Cook the beans. Scoop the beans into a large (4-quart) saucepan, cover with water by 2 inches, add 1 teaspoon salt, bring to a boil over high heat, partially cover and reduce the heat to medium-low. Very low simmer (190 to 200 degrees) until the beans are tender, about 3 hours (or longer) for runner beans, 1 ½ to 2 hours for others. If the water drops below the level of the beans, add more. They are ready when the exterior is tender and the interior is creamy.
Toast and soak the chiles. While the beans cook, heat a large (10-inch) skillet to medium. A few pieces at a time, toast the chiles, pressing them flat against the hot surface for a few seconds with a metal spatula, until they change colors slightly and release their aroma. As the chiles are toasted, collect them into a bowl, cover them with hot tap water, weight with a plate to keep them submerged and let rehydrate for 20 to 30 minutes.
The other flavorings. In the skillet still set over medium, toast the sesame, stirring regularly for a couple of minutes, until it turns uniformly golden. Scrape into a blender jar. Return the pan to the heat, line it with a piece of foil (for easy clean up) and lay on the onion slices and garlic cloves. Roast until the onion is richly browned (even a little charred) and the garlic is soft, 7 to 10 minutes. Transfer the onion to the blender. When the garlic is cool enough to handle, peel it and add to the blender. Add the tomatoes, raisins, pepper, cinnamon and oregano. Blend as smooth as possible, then strain through a medium-mesh sieve back into a bowl.
Cook the coloradito. Without washing the blender, use a pair of tongs to transfer the chiles to the blender jar, measure in 1 cup of the soaking water and blend as smooth as possible (if the puree is too thick to go through the blades, add just enough liquid to facilitate its movement). Set a large (4-quart) saucepan over medium-high heat. Add the lard or oil, set a medium-mesh strainer over the pot, and when the fat is hot enough to make a drop of the chile puree sizzle sharply, press the chile puree through the strainer into the hot oil. Stir continually until the mixture darkens and is as thick as tomato paste, 8 to 10 minutes. Add the tomato mixture and continue stirring until reduced, thick and very aromatic, another 8 to 10 minutes. Add the broth and chocolate, reduce the heat to medium-low, partially cover and simmer for at least 30 minutes (or an hour or two if you have time) to bring the flavors together.

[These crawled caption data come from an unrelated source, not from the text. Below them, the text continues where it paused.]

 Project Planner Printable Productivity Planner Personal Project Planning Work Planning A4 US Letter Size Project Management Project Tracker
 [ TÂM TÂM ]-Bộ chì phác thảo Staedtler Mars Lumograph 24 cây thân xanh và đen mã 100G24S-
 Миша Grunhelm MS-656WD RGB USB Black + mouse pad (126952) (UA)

Serve the coloradito. Use a slotted spoon to scoop the beans into the coloradito. If the sauce is thicker than, say, a medium bean soup, add a little more broth or water. Taste and season with salt, usually about 2 teaspoons, and just enough sugar to bring out the fruitiness of the chiles, usually about a of teaspoon. When the beans are warm, you’re ready to serve.
Other ways to serve coloradito: This sauce is one of the most common enchilada sauces in Oaxaca. Fill the enchiladas with coarsely shredded chicken or pork (or fold them in quarters with no filling as they often do in Oaxaca); my favorite filling for enchiladas de coloradito is Oaxaca-style shredded pork picadillo (page 000). Coloradito is delicious on grilled chicken, squail, duck, pork chops and rich-tasting, meaty fish like swordfish. You can simmer cubed pork shoulder in salted water (with sliced onion and halved garlic cloves) until tender, strain it, use the broth for the coloradito, then dry off the pork and brown it (preferably in rich-tasting pork lard) before adding it to the sauce to heat through.